_Instructions to follow:_ Starting at the first line of the data, print every line up to and including the one with "Regarding due dates: all", but no pictures.

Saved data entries
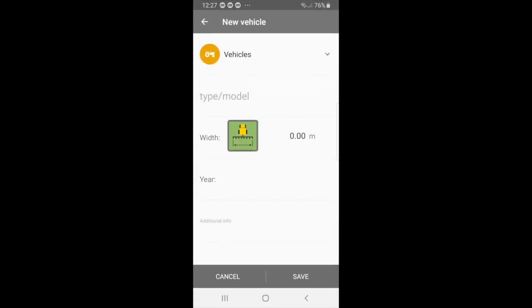And here, for your tractor, you can type in the type and model, the width, and the year. And once you are satisfied, you can just press save.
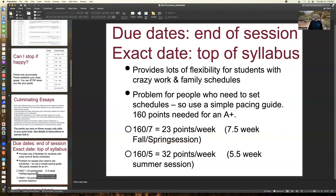Regarding due dates: all due dates are at the end of the session, and the exact date is on the top of the syllabus. Some students want specific due dates in a calendar, but the lack of specific due dates provides a lot of flexibility for students with demanding work and family schedules. If you're the type who needs to set a schedule, use a pacing guide. Figure out the points you need — say for an A-plus — divide by the weeks left, and that is your guide to pace yourself.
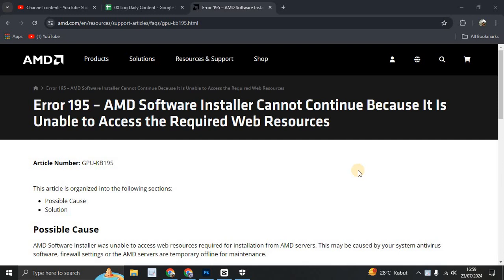Hi guys, welcome back to my channel. Today I'm going to show you how you can fix Error 195 when you're installing new driver for AMD user. So this is the official site from AMD.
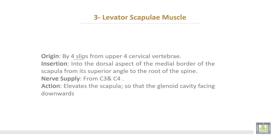Levator scapulae muscle takes origin by four slips from the upper four cervical vertebrae. It inserts into the dorsal aspect of the medial border of the scapula from its superior angle to the root of the spine. Nerve supply is from cervical three and cervical four. The action of levator scapulae is to elevate the scapula so that the glenoid cavity faces downwards.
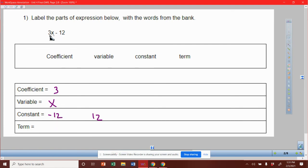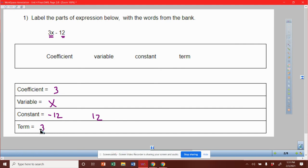And then the terms that we have are separated by a subtraction or an addition sign. So we have a term of 3x, and we have another term of negative 12.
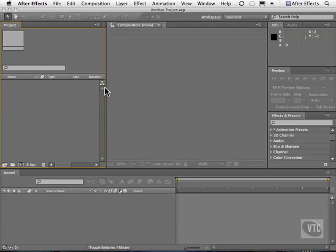One of my favorite tools is still the puppet tool that was introduced a couple of versions of After Effects ago, and it lives right here. You'll see this little icon of a pin. What it allows you to do is to animate things that would be difficult to do normally.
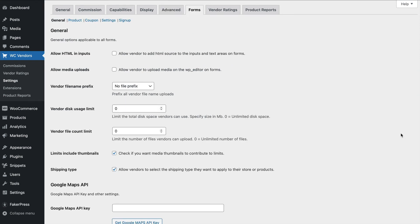The form settings is the most powerful part of the vendor dashboard on the front end. These settings allow you to configure the various options for hiding and showing fields within the different forms on the vendor dashboard, including the product forms, coupon forms, settings, and signup forms. There's so many options here that we're going to create a completely separate video to go through every option.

_Response:_
And here, for your tractor, you can type in the type and model, the width, and the year. And once you are satisfied, you can just press save.
Regarding due dates: all due dates are at the end of the session, and the exact date is on the top of the syllabus. Some students want specific due dates in a calendar, but the lack of specific due dates provides a lot of flexibility for students with demanding work and family schedules. If you're the type who needs to set a schedule, use a pacing guide. Figure out the points you need — say for an A-plus — divide by the weeks left, and that is your guide to pace yourself.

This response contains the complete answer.